INSTRUCTIONS FOR THE TASK:
Every line below needs to be printed again exactly, without any of its pictures.

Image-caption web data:
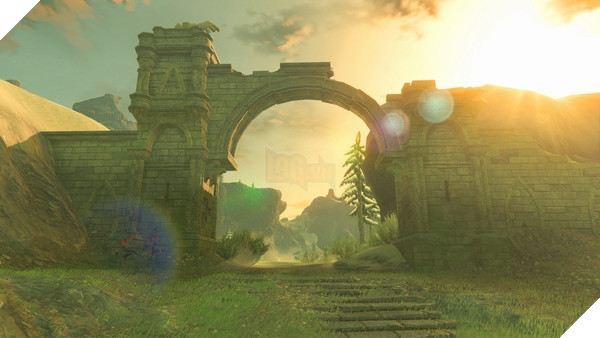 Máy Nintendo Switch thắng lớn ở nhiều thị trường khác nhau 4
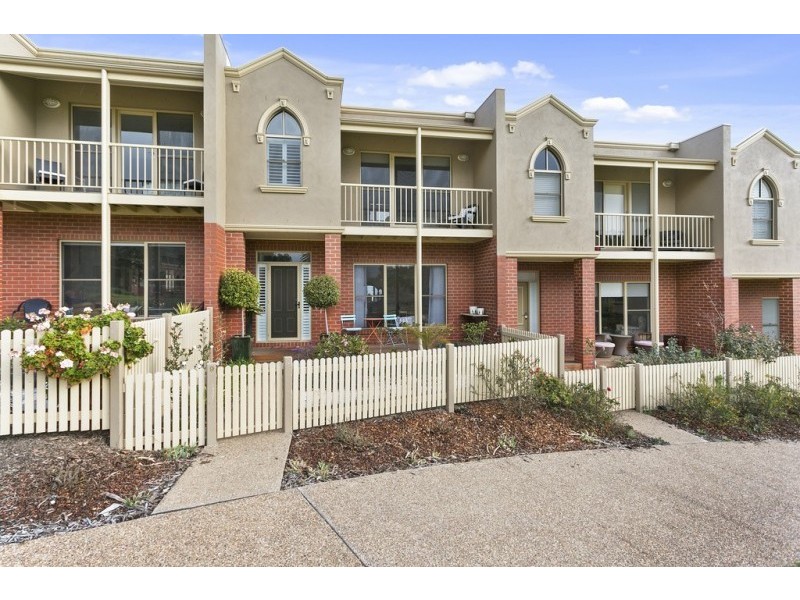 9/190 St Aidans Road, Kennington VIC 3550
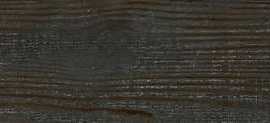 Керамогранит Peronda Argila Melrose Black 60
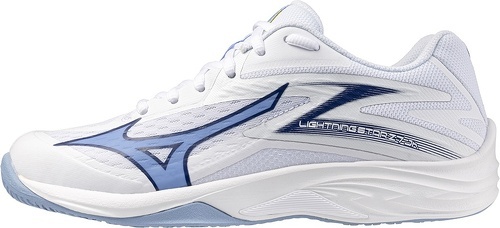 MIZUNO-LIGHTNING STAR Z7 Jr.-0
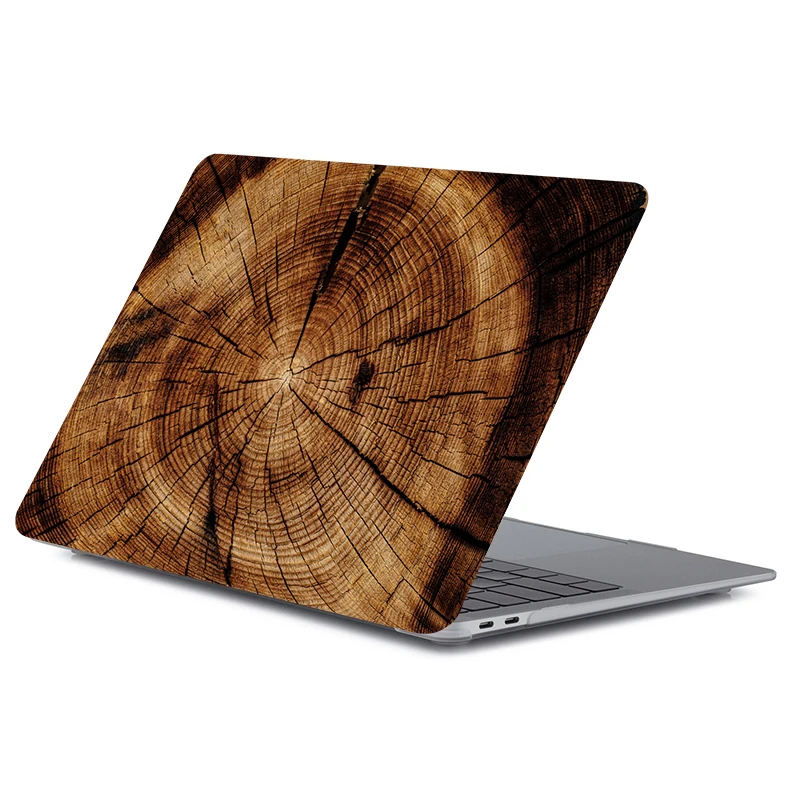 Чехол для ноутбука Apple MacBook Pro Retina Air 12 13 3 15 16 дюймов Air/ A1932 A2159 | Компьютеры и офис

RESPONSE TO THE EXERCISE:
 Máy Nintendo Switch thắng lớn ở nhiều thị trường khác nhau 4
 9/190 St Aidans Road, Kennington VIC 3550
 Керамогранит Peronda Argila Melrose Black 60
 MIZUNO-LIGHTNING STAR Z7 Jr.-0
 Чехол для ноутбука Apple MacBook Pro Retina Air 12 13 3 15 16 дюймов Air/ A1932 A2159 | Компьютеры и офис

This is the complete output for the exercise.